**About this exercise:** What appears from the first line of the records below through the line containing "Nike Vintage Nike" must be reproduced verbatim.

----------------------------------------

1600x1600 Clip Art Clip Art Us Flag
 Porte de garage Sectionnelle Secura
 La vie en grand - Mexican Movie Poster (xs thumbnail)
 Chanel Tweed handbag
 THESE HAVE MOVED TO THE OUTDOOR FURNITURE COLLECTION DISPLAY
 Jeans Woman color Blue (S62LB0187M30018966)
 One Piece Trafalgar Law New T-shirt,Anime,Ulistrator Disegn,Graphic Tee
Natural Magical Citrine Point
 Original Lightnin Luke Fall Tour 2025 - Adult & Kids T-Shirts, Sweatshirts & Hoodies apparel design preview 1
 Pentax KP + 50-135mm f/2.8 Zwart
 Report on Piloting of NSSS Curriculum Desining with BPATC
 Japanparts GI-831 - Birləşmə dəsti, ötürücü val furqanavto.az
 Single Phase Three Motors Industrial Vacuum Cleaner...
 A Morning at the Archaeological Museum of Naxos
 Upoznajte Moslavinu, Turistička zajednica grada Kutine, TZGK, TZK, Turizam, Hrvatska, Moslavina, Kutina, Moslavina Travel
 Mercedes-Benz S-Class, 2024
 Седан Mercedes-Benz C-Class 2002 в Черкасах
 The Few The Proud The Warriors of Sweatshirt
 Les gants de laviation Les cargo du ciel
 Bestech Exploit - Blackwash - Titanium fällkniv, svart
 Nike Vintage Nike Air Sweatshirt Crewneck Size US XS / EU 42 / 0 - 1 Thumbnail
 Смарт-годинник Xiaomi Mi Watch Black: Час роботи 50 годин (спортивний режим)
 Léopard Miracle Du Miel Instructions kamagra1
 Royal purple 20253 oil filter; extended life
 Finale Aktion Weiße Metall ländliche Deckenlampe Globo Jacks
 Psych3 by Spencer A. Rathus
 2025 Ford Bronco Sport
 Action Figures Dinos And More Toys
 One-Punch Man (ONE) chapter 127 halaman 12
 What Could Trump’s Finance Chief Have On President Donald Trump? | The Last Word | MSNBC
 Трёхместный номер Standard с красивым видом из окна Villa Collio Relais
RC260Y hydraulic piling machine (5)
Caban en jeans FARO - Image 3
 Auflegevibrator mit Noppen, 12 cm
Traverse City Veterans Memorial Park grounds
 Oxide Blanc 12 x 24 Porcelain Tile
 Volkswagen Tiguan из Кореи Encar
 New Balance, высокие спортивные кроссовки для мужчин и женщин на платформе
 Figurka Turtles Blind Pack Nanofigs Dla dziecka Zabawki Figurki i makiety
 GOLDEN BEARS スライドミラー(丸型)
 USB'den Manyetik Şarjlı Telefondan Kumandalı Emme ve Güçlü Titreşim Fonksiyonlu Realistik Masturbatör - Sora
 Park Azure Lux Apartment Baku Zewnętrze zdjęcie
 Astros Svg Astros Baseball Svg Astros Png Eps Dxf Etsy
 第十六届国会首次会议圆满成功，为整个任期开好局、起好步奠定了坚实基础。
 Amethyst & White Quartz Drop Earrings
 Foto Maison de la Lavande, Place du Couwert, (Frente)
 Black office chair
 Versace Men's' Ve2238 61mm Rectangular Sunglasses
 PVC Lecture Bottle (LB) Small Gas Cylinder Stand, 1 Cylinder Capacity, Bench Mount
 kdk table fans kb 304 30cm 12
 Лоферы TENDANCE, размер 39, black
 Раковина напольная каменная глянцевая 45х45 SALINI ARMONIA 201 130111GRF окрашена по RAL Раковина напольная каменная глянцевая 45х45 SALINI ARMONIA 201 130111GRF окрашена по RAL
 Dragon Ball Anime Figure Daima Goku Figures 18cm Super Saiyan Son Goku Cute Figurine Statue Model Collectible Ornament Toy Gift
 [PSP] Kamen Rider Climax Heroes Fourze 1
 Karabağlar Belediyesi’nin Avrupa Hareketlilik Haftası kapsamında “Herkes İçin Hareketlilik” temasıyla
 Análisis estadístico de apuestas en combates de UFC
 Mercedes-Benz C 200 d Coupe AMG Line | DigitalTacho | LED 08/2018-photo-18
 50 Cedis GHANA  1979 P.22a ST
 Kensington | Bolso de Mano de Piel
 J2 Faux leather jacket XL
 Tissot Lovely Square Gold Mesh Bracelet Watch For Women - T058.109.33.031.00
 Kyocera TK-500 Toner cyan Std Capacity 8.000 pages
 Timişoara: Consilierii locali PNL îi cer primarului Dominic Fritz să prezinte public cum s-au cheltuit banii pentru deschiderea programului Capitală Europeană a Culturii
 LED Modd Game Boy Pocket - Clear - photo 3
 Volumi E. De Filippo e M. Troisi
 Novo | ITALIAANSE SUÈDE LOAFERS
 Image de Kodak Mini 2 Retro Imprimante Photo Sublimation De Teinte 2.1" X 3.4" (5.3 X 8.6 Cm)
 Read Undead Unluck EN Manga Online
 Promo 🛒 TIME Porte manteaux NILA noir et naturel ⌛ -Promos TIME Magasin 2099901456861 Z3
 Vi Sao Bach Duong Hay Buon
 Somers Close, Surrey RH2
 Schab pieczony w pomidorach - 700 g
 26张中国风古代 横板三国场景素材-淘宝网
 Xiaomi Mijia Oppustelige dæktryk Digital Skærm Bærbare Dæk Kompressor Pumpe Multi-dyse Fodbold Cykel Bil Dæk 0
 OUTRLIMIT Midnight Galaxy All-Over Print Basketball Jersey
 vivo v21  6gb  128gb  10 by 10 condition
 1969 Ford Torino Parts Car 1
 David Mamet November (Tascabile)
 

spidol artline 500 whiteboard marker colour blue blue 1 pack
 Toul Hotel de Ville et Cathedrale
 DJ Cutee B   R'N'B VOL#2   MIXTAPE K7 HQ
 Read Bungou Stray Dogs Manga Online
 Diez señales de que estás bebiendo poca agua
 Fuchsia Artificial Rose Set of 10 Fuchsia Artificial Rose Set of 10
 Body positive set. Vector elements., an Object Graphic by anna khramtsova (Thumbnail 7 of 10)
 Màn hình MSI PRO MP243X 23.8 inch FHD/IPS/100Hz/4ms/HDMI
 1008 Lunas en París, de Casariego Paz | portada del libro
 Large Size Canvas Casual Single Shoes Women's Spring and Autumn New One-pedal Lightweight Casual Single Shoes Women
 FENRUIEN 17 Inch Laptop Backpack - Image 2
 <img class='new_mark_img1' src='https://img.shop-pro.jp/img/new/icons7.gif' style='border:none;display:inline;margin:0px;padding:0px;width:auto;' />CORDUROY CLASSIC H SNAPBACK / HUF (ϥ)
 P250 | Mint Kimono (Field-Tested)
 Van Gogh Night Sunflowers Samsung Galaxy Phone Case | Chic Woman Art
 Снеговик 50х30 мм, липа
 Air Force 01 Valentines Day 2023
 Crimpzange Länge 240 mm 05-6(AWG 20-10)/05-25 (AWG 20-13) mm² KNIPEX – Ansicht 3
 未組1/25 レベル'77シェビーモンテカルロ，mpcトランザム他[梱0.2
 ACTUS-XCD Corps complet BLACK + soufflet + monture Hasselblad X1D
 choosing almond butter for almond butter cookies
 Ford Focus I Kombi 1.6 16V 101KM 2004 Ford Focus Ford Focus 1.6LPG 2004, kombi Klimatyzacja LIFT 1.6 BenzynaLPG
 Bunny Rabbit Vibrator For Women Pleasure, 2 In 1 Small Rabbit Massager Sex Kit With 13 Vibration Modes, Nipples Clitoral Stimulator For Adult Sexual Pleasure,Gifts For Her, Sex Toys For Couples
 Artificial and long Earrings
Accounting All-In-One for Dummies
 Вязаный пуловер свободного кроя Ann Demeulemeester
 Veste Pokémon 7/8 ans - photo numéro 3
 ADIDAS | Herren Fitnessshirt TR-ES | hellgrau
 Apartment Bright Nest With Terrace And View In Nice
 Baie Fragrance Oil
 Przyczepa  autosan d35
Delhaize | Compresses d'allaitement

----------------------------------------

**Expected answer:**
1600x1600 Clip Art Clip Art Us Flag
 Porte de garage Sectionnelle Secura
 La vie en grand - Mexican Movie Poster (xs thumbnail)
 Chanel Tweed handbag
 THESE HAVE MOVED TO THE OUTDOOR FURNITURE COLLECTION DISPLAY
 Jeans Woman color Blue (S62LB0187M30018966)
 One Piece Trafalgar Law New T-shirt,Anime,Ulistrator Disegn,Graphic Tee
Natural Magical Citrine Point
 Original Lightnin Luke Fall Tour 2025 - Adult & Kids T-Shirts, Sweatshirts & Hoodies apparel design preview 1
 Pentax KP + 50-135mm f/2.8 Zwart
 Report on Piloting of NSSS Curriculum Desining with BPATC
 Japanparts GI-831 - Birləşmə dəsti, ötürücü val furqanavto.az
 Single Phase Three Motors Industrial Vacuum Cleaner...
 A Morning at the Archaeological Museum of Naxos
 Upoznajte Moslavinu, Turistička zajednica grada Kutine, TZGK, TZK, Turizam, Hrvatska, Moslavina, Kutina, Moslavina Travel
 Mercedes-Benz S-Class, 2024
 Седан Mercedes-Benz C-Class 2002 в Черкасах
 The Few The Proud The Warriors of Sweatshirt
 Les gants de laviation Les cargo du ciel
 Bestech Exploit - Blackwash - Titanium fällkniv, svart
 Nike Vintage Nike Air Sweatshirt Crewneck Size US XS / EU 42 / 0 - 1 Thumbnail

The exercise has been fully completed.